Mas a grande dor que vem fazendo o homem sofrer é a perda do sentido de viver! Cada vez mais aumenta o número das pessoas que procuram abreviar ou antecipar o fim de suas vidas, ou que vegetam mergulhadas em suas tristezas patológicas. Um desalento tem tomado conta de muitos corações.

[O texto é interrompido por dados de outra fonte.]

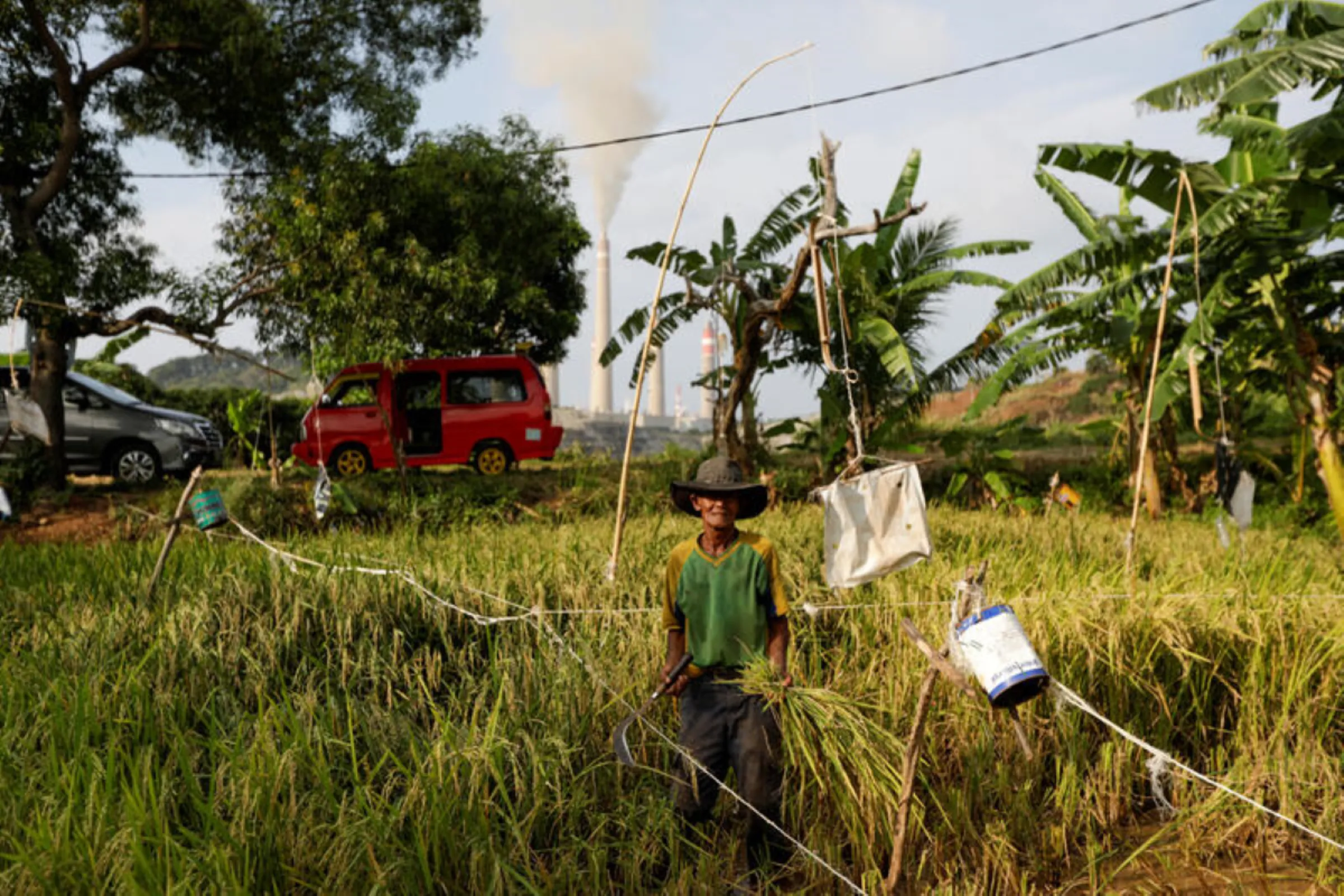 A local farmer looks on as he works on a paddy field at a village near a coal-fired power plant owned by Indonesia Power in Suralaya, Banten province, Indonesia, July 11, 2020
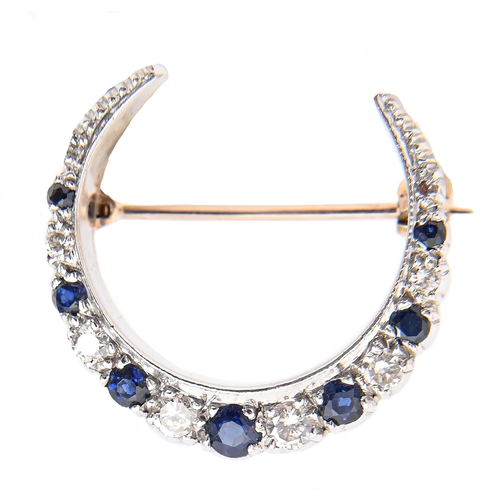 Appraisal: A sapphire and diamond crescent brooch in ct white gold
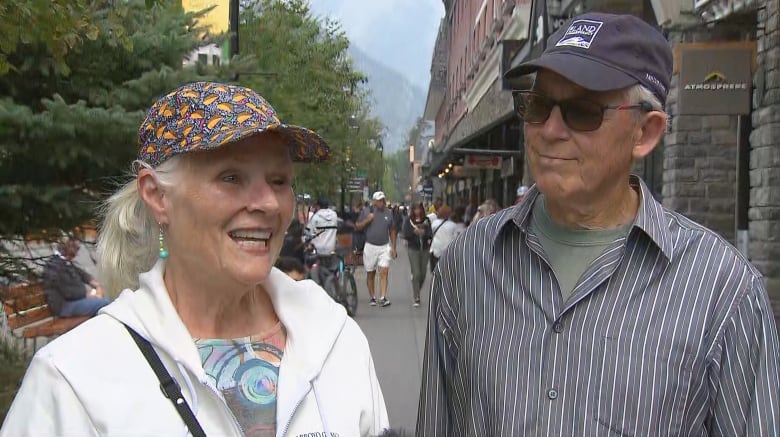 A women in a white hoodie and patterend baseball cap and a man in a striped button up shirt in a navy hat stand in Banff.
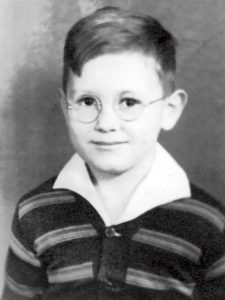 Black and white photo portrait of a young boy in wire-rimmed glasses
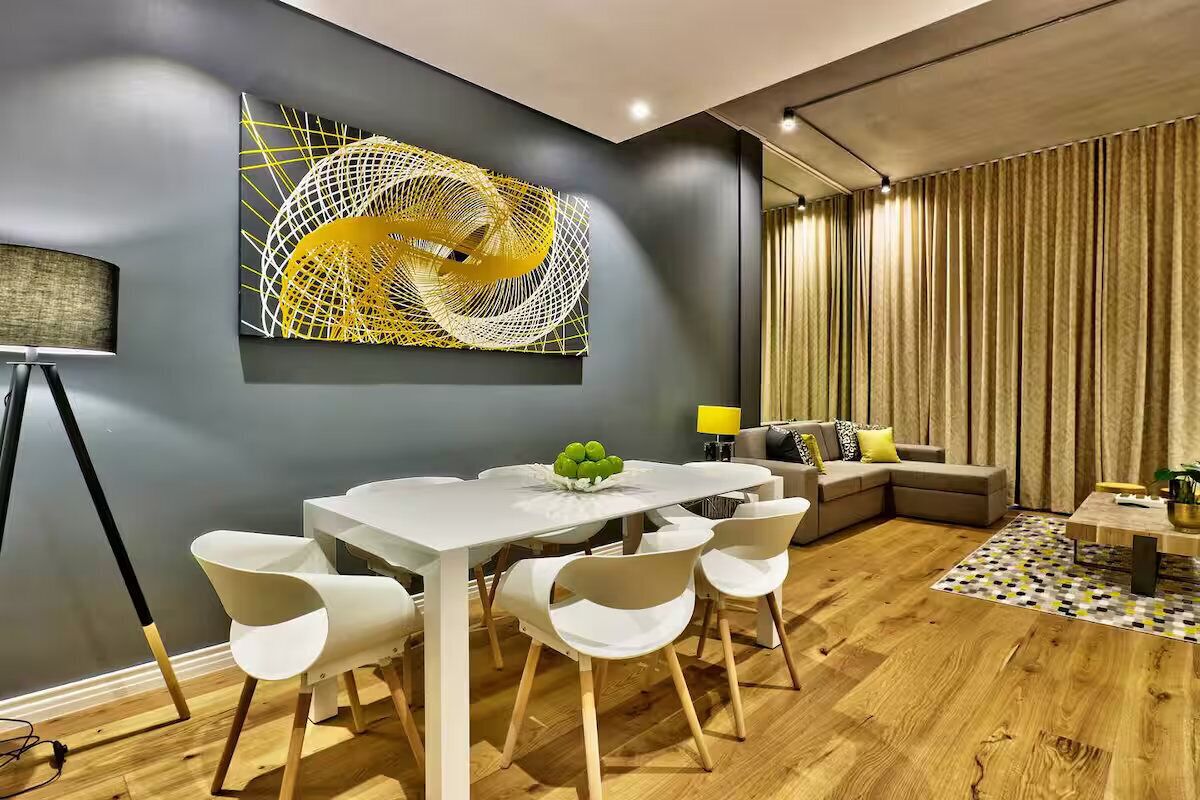 Una sala de estar moderna con una mesa de comedor blanca, sillas blancas, un sofá y un cuadro abstracto grande en la pared.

Diante desta realidade o Papa Francisco clama e grita: “A Alegria do Evangelho enche o coração e a vida inteira daqueles que se encontram com Jesus. Quantos se deixar salvar por Ele são libertados do pecado, da tristeza, do vazio interior, do isolamento. Com Jesus renasce sem cessar a alegria!” (Evangelli Gaudium 01). E insiste no convite: “convido todo cristão, em qualquer lugar ou situação que se encontre, a renovar hoje mesmo o seu encontro pessoal com Jesus Cristo... já que da alegria trazida pelo Senhor ninguém é excluído” (EG 03).

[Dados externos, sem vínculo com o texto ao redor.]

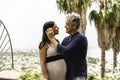 Couple, with pregnant woman, looking into each other`s eyes and posing for a photo during summer vacation in the esotic garden -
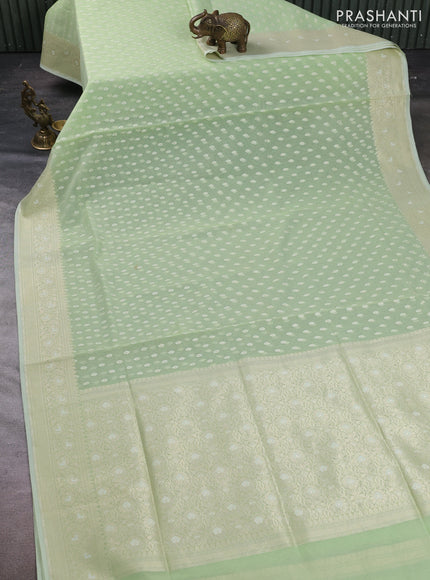 Banarasi silk cotton saree mild pista green with allover thread & zari woven buttas and thread & zari woven border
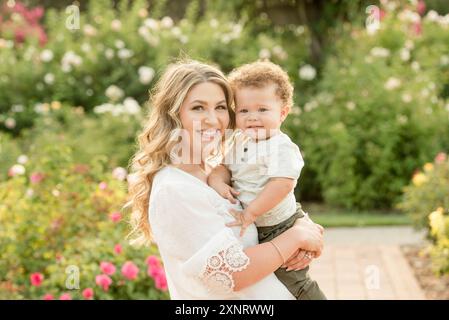 Mother holding baby son in garden smiling Stock Photo
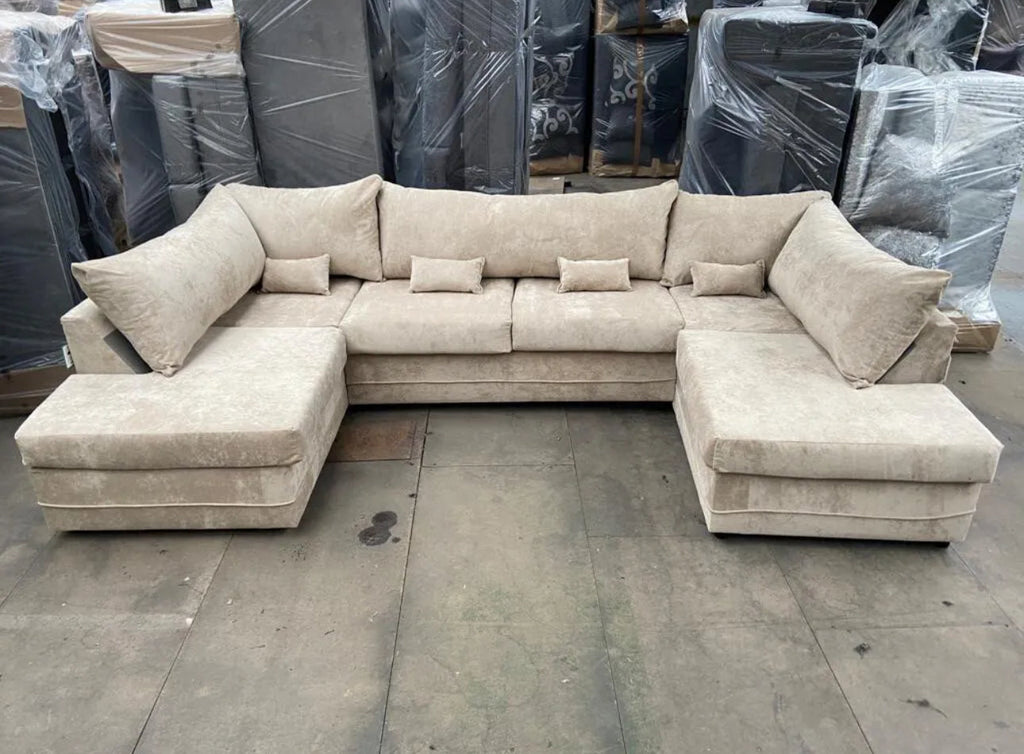 Beige large U shaped sofa with chaise by Furnish UK in a warehouse setting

É muito fácil perceber que o ser humano está precisando urgentemente de uma “restauração”. Ele anda triste, violento, acuado, pessimista e depositando suas esperanças em futilidades. Tem inventado deuses e religiões que não podem salvá-lo. Tem rejeitado seus filhos e “não chora, nem guarda luto” quando estes morrem. O homem e a mulher hodiernos andam “enferrujados”... morrendo tristemente aos poucos.
Ainda é Francisco quem nos mostra uma luz: “Fomos concebidos no coração de Deus e, por isso, (cita Bento XVI) ‘cada um de nós é o fruto de um pensamento de Deus. Cada um de nós é querido, cada um de nós é amado, cada um de nós é necessário’” (Laudato Si’ 65). E explica: “a existência humana se baseia sobre três relações fundamentais intimamente ligadas: as relações com Deus, com o próximo e com a terra. (...) estas relações romperam-se não só exteriormente, mas dentro de nós... é o pecado” (LS 66).
Diante desta realidade, inspirados pelo Jubileu da Misericórdia, podemos acolher este dom maravilhoso que Deus nos oferece: restauração! É por pura Misericórdia que Ele restaurou inúmeros pecadores das Escrituras: Moisés, Abraão, Jacó, Salomão, Davi, Jonas, os apóstolos, Madalena, o bom ladrão... e toda a humanidade, inclusive eu e você!
Deixemos o Espírito Santo agir em nós! É como cantam nossos jovens naquela canção da Banda Vida Reluz: “Cristo quer fazer em mim uma obra nova e o meu coração quer modificar”! Portanto, com relação à sua vida e ao mundo, como responder à pergunta do chapeador: “vai querer ‘restaurar’ tudo ou dar uma ‘tapeada’ ou deixar como está”?